Then Mr. Ashford awoke to the thought that he might be intruding upon her. He took leave of the ladies hurriedly. But when she had given him her hand, he stood holding it for a minute. “I begin to like Law very much,” he said. To feel that this was the way in which he could give her most pleasure was a delicate instinct, but it was not such a pleasure as it would have been a month ago. Lottie did not speak, but a gleam of satisfaction rose in her eyes. “If there is anything I can do,” he said faltering, “to be of use——”
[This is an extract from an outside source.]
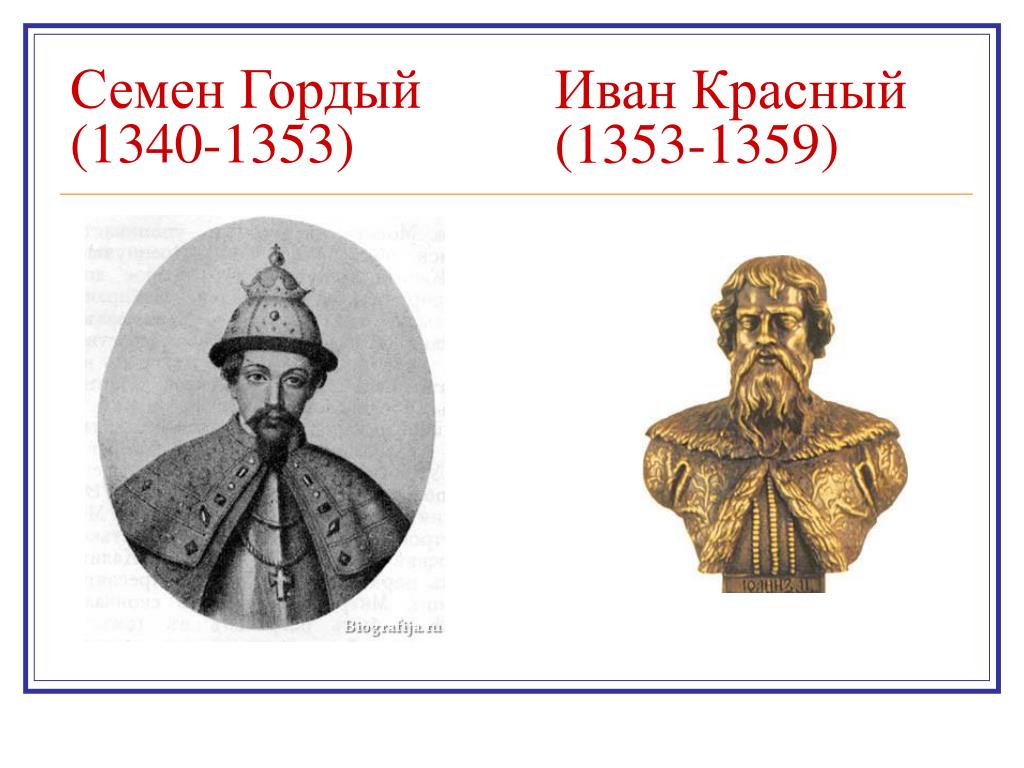 Как звали ивана 2. Семён Иванович гордый 1340-1353. Симеон Иванович гордый (1340 – 1353).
What could he do? Nothing? He knew that, and so did she. It was only to himself that this was a consolation, he said to himself when they were gone. He went away to his comfortable house; and she, slim and light, turned to the other side of the Abbey, with Mrs. O’Shaughnessy, with nowhere in the world to go to. Was that so? was it really so? But still he, with that house of his, a better home than the one which young Purcell was so eager to offer her, what could he do? Nothing; unless it were one thing which had not before entered his thoughts, and now, when it had got in, startled him so, that, middle-aged as he was, he felt his countenance turn fiery red, and went off at a tremendous pace, as if he had miles to go. He had only a very little way to go before he reached his own door, and yet he had travelled more than miles between that and the dwelling of the Signor.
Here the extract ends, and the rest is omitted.